> [What you are asked to do]: Below are entries. Give back exactly the lines from the one containing "40s Americana Button Jacket - Brown" through the one containing "Ny ful klänning", inclusive, without the pictures.
━━━ Data listing ━━━
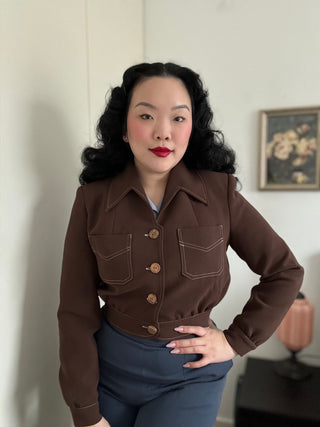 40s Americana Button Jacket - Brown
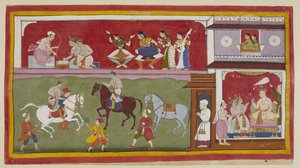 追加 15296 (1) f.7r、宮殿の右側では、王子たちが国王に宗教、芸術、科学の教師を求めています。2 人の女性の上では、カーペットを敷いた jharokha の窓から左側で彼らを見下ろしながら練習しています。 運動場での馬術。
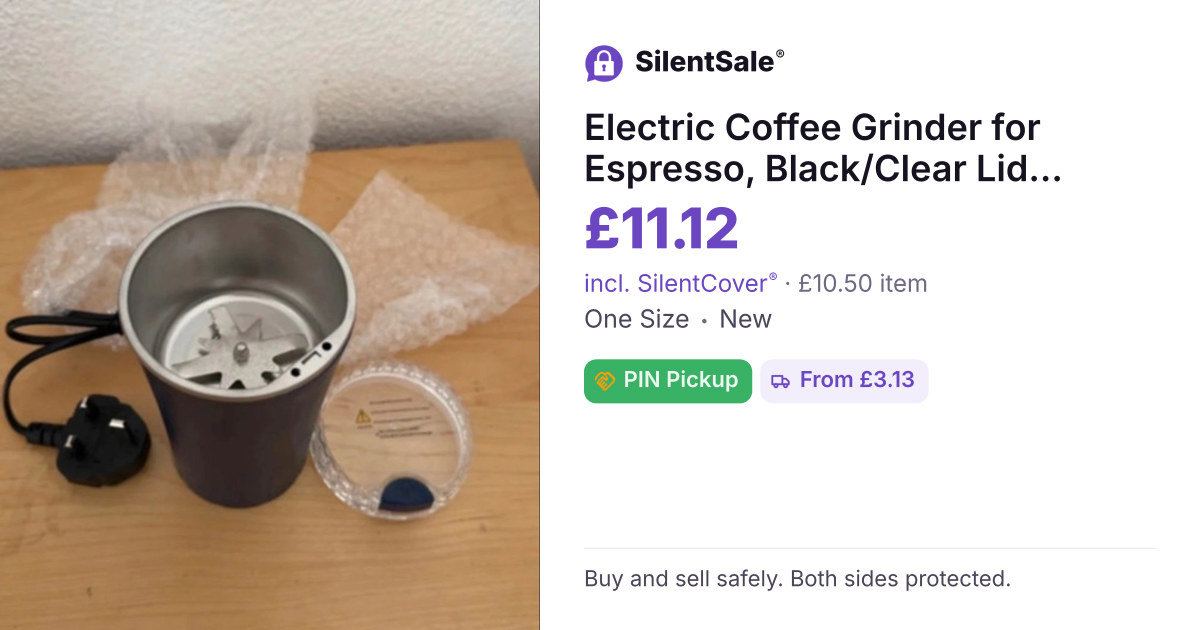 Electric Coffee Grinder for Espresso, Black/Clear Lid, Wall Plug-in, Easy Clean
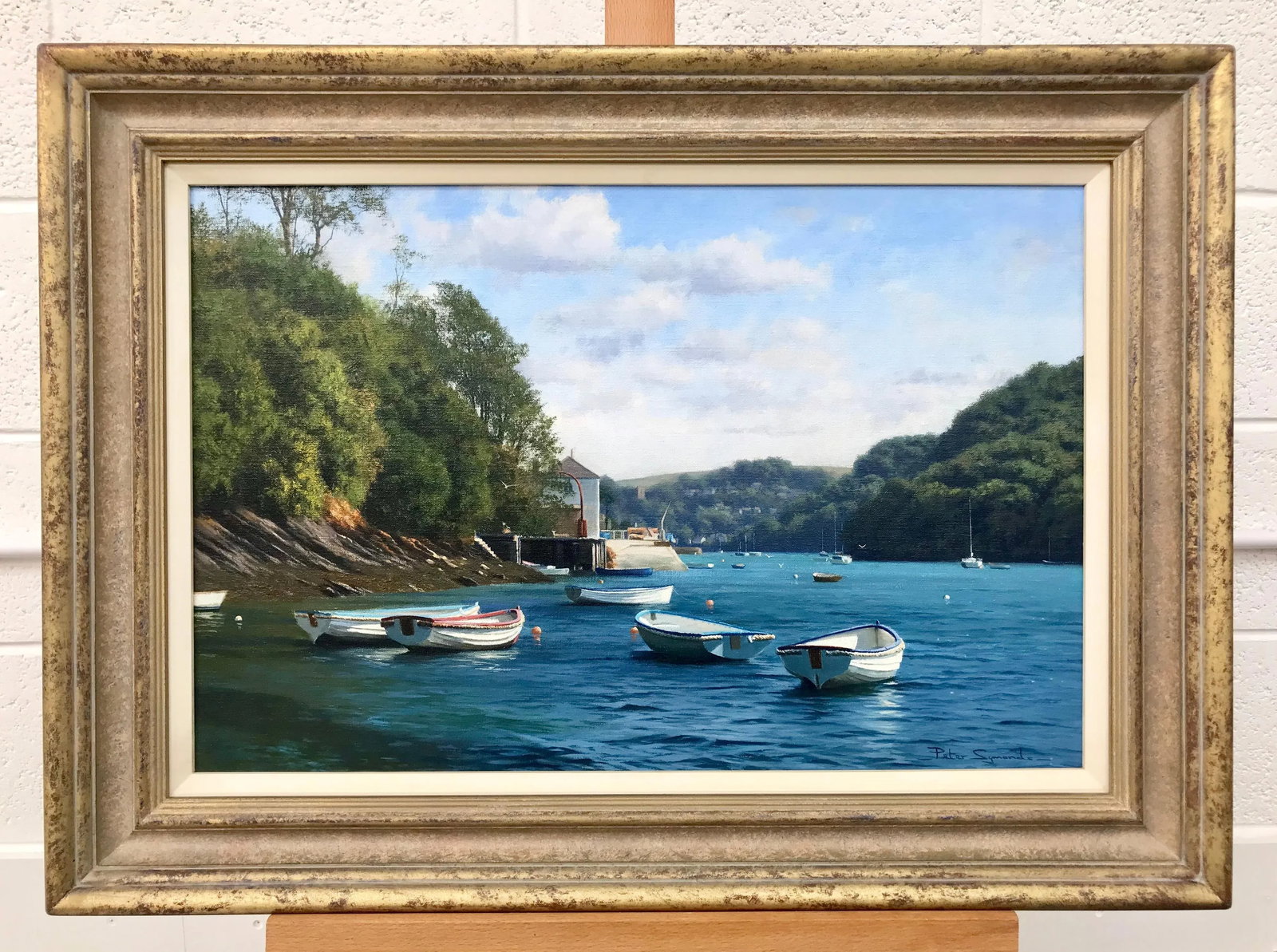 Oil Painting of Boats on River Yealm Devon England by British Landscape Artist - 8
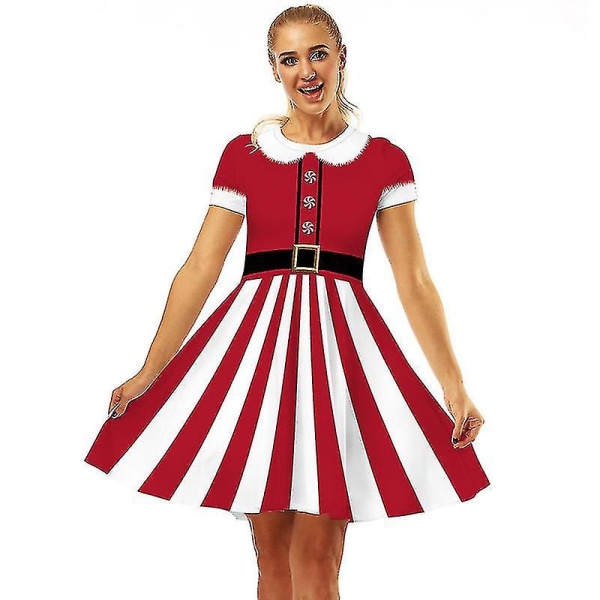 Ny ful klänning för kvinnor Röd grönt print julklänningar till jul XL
━━━
━━━ Data listing ━━━
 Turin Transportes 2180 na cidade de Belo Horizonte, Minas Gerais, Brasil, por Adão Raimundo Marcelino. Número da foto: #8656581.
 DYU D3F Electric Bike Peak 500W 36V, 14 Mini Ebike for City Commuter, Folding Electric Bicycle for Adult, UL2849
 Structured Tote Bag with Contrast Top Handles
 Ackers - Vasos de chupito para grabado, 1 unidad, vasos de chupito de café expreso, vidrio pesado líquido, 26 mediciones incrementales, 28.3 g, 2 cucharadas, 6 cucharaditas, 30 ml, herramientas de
━━━
━━━ Data listing ━━━
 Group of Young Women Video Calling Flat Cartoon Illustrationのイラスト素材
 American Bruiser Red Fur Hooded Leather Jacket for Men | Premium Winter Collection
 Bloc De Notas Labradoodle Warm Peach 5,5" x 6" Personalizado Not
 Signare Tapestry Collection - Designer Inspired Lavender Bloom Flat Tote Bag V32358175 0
━━━
> [Completed task]:
 40s Americana Button Jacket - Brown
 追加 15296 (1) f.7r、宮殿の右側では、王子たちが国王に宗教、芸術、科学の教師を求めています。2 人の女性の上では、カーペットを敷いた jharokha の窓から左側で彼らを見下ろしながら練習しています。 運動場での馬術。
 Electric Coffee Grinder for Espresso, Black/Clear Lid, Wall Plug-in, Easy Clean
 Oil Painting of Boats on River Yealm Devon England by British Landscape Artist - 8
 Ny ful klänning för kvinnor Röd grönt print julklänningar till jul XL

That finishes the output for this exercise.